Zweitens halte ich es für durchaus nicht unmöglich, dass die Regierung tatsächlich einige wichtige Probleme unseres Landes löst – freilich um den Preis einer Abkehr bisheriger Anhänger und eines dann folgenden Machtverlusts. Die bislang stark ideologisch getriebene Migrations- oder Energiepolitik der Grünen und Sozialdemokraten wird nämlich in der Praxis ebenso wenig funktionieren wie einst die von Helmut Kohls Reformansätzen Abstand nehmende Wirtschafts- und Sozialpolitik der Regierung Schröder/Fischer. Die eigene fehlerhafte Politik kann man aber nur von einer Position der Macht aus korrigieren – falls man es nicht vorzieht, lieber die Macht zu verlieren als eine eigentlich doch gewünschte Politik zu revidieren. Aber ebenso, wie die Union einst die Agenda 2010-Reformen der rot-grünen Bundesregierung unterstützte, würde sie es bei wirklich problemlösenden Reformen der lange schon falsch angelegten Migrations- und Energiepolitik tun.

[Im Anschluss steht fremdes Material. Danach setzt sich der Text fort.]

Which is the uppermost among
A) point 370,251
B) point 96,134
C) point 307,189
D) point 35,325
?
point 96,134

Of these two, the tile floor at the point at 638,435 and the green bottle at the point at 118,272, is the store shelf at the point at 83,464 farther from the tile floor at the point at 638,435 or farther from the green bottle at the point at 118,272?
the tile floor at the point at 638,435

Doch es fehlt für ein entsprechendes Miteinander weiterhin die – derzeit auch noch gar nicht zu erwartende – Einsicht der Ampelpartner. Doch die wird irgendwann kommen. Dann wird man einmal mehr die Richtigkeit des folgenden, freilich in ganz anderen Umständen formulierten Satzes erkennen: Nur Richard Nixon, ein bekannter und in dieser Eigenschaft auch nie angezweifelter Kommunistenfresser, konnte „nach Peking reisen“, um belastbare Beziehungen zu Maos China aufzubauen. Entsprechend wird nur eine von Grünen und Sozialdemokraten geführte Bundesregierung die Autorität besitzen, Deutschlands genau von diesen Parteien angeschobene Migrations- und Energiepolitik zu revidieren. Und dagegen wird die oppositionelle Union ebenso wenig Widerstand organisieren wie einst gegen die Agenda 2010. Die eigenen Anhänger werden eine solche Kurskorrektur zwar viel weniger schätzen. Doch Missmut von Anhängern wiegt viel weniger als die Wohlfahrt eines Landes. Allerdings zieht solcher Missmut dann auch leicht den Machtverlust nach sich – dann freilich erst beim Versuch, den Zuschlag für eine dritte Wahlperiode der Ampelkoalition zu erhalten.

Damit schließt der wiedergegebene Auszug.